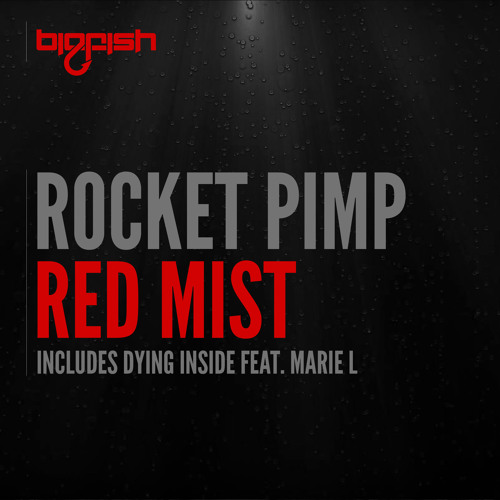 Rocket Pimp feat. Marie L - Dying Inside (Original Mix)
========
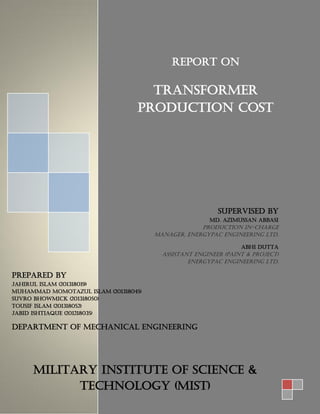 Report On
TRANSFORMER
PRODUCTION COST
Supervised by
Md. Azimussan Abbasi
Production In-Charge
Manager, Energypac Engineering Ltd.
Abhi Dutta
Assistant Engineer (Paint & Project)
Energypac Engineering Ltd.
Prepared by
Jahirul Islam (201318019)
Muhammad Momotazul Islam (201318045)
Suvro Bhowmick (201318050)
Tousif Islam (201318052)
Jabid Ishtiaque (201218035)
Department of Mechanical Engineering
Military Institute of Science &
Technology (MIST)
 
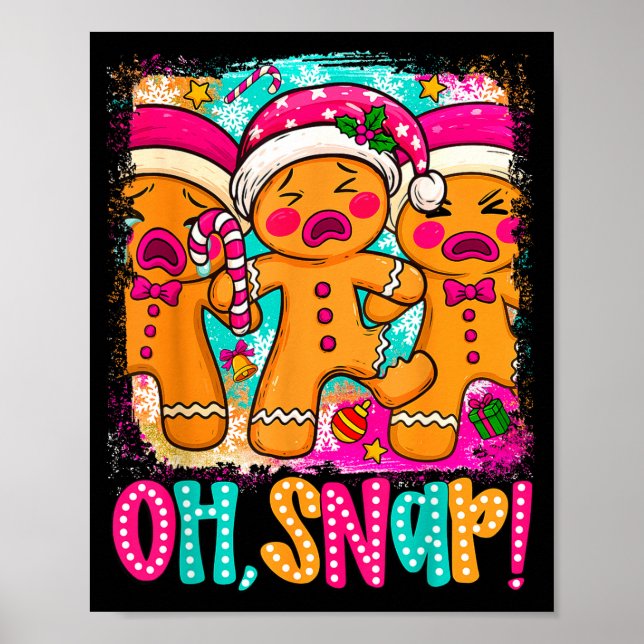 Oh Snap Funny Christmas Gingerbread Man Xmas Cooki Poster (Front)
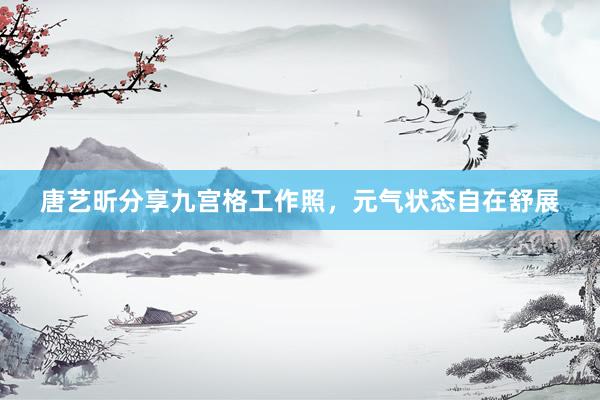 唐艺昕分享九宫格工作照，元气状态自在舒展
========
(DIRECTIONS)
Set down again, word for word, every line from the one with "Oh Snap Funny" to the one with "唐艺昕分享九宫格工作照，元气状态自在舒展" in the entries above, and omit the pictures.

(RESPONSE AREA)
 Oh Snap Funny Christmas Gingerbread Man Xmas Cooki Poster (Front)
 唐艺昕分享九宫格工作照，元气状态自在舒展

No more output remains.